--- Goal of the exercise ---
Print, with no pictures, the exact lines that run from the one containing "Elefantes (capital esculpida" through the last line of the material below, both ends included.
[[ The data, beginning ]]
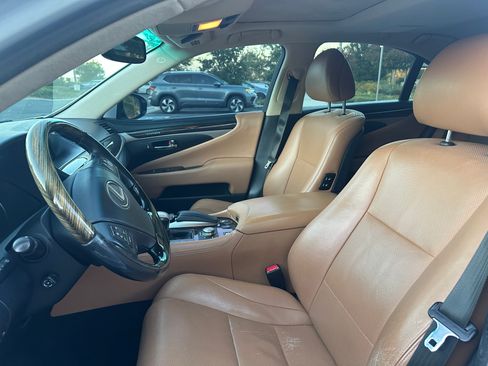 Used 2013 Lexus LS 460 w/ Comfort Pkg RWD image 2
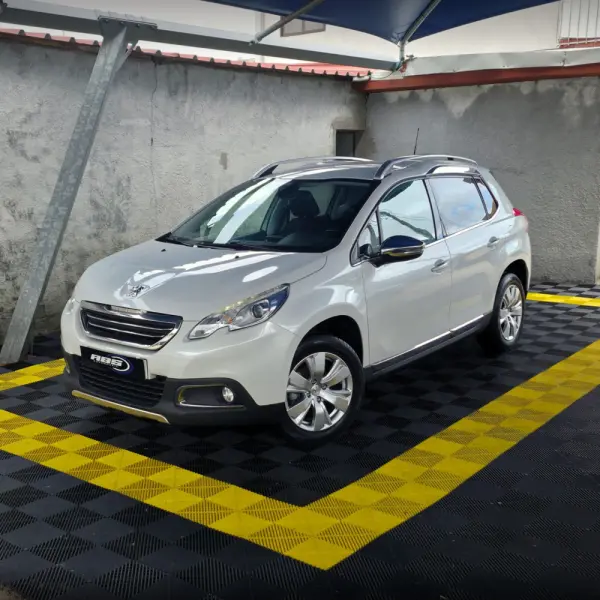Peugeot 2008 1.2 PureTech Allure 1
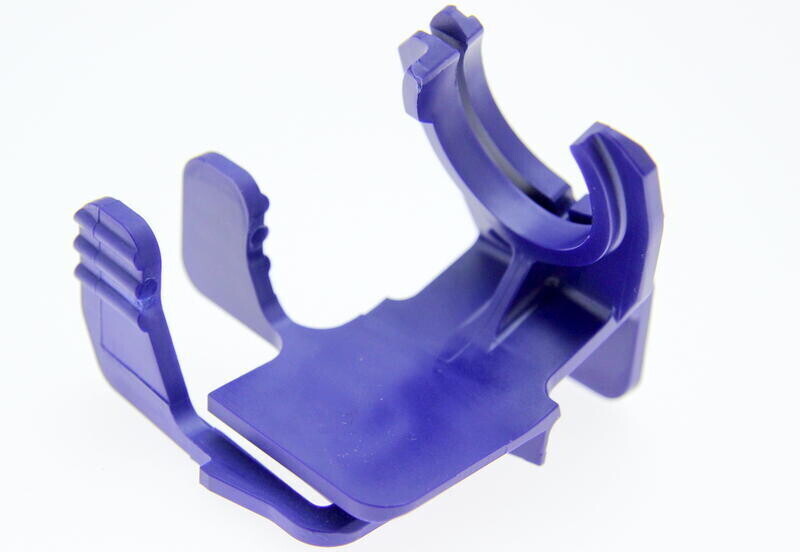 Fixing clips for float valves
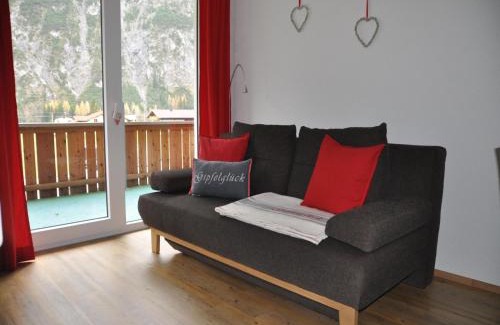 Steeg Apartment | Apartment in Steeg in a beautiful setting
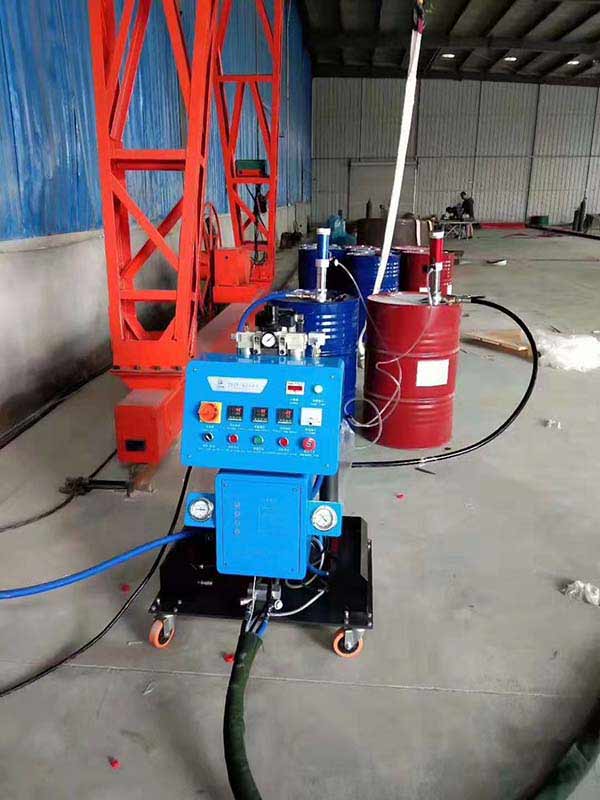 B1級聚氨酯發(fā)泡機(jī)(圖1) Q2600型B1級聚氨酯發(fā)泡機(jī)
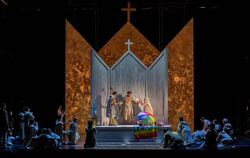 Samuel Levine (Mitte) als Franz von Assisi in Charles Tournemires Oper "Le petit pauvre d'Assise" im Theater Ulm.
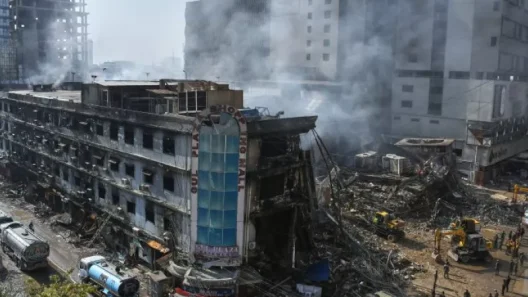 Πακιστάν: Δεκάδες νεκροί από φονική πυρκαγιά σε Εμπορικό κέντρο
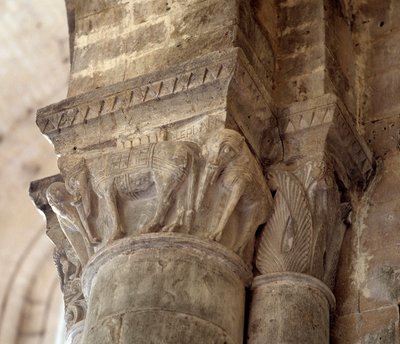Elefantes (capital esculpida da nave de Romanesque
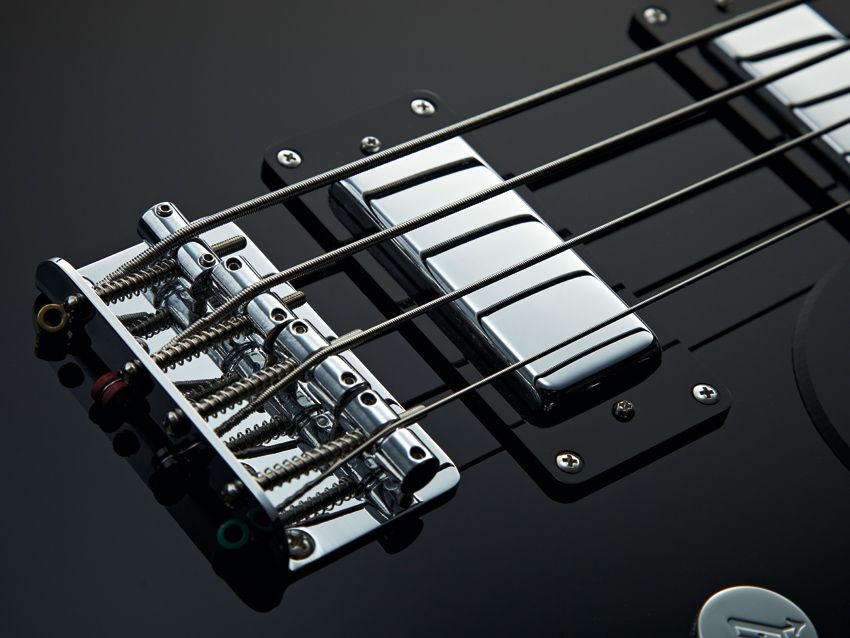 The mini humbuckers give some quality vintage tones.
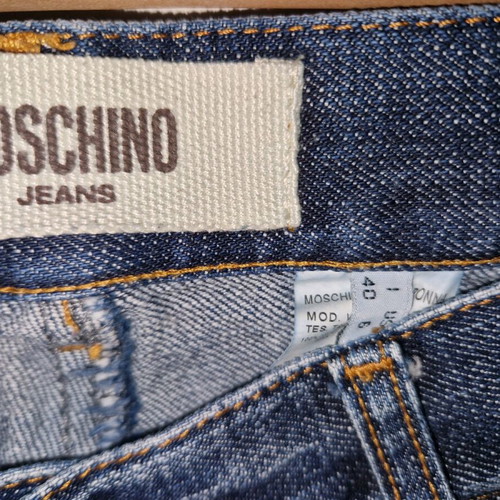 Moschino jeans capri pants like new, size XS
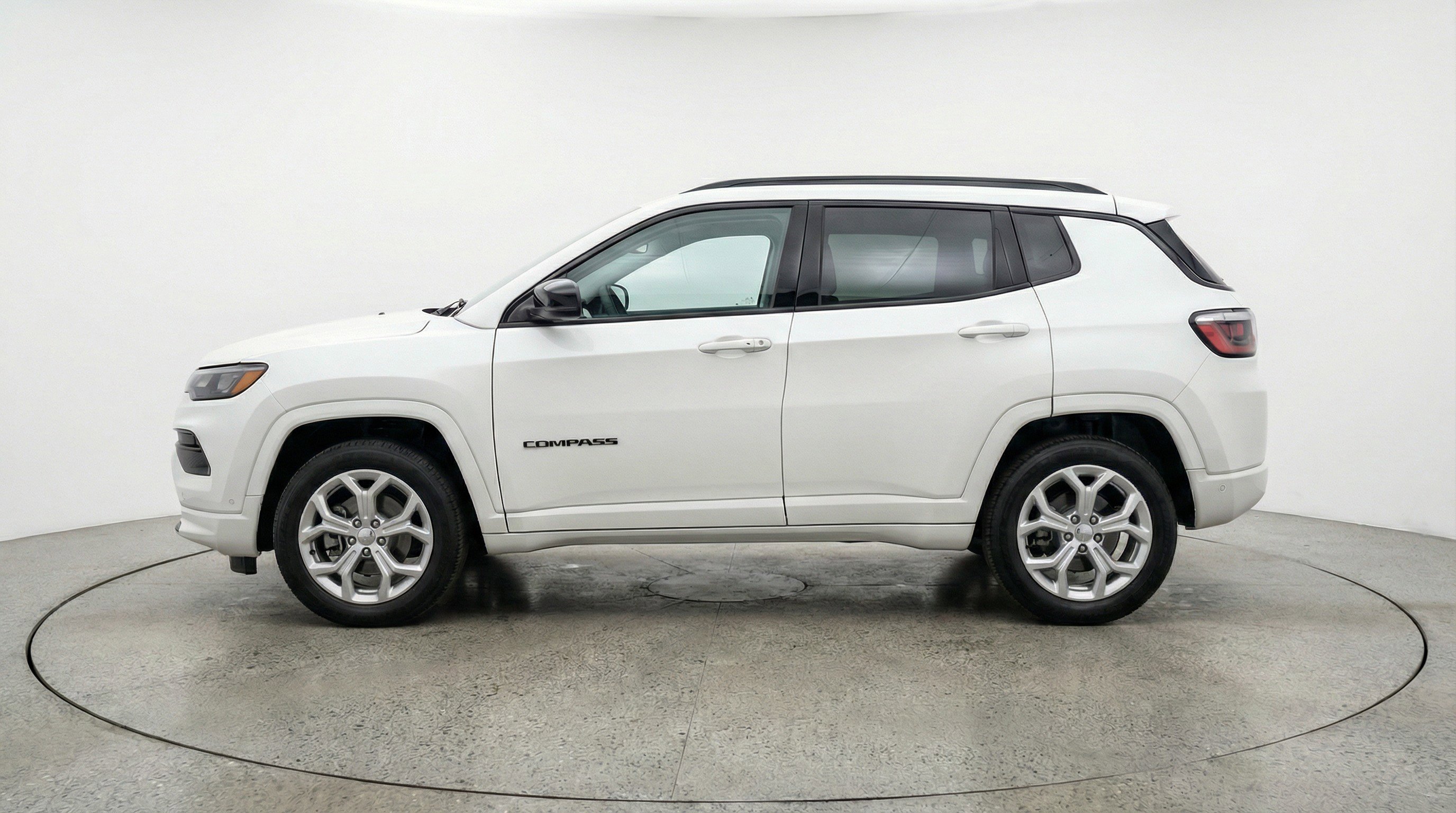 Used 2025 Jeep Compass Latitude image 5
[[ The data, end ]]
--- Answer to the problem ---
Elefantes (capital esculpida da nave de Romanesque
 The mini humbuckers give some quality vintage tones.
 Moschino jeans capri pants like new, size XS
 Used 2025 Jeep Compass Latitude image 5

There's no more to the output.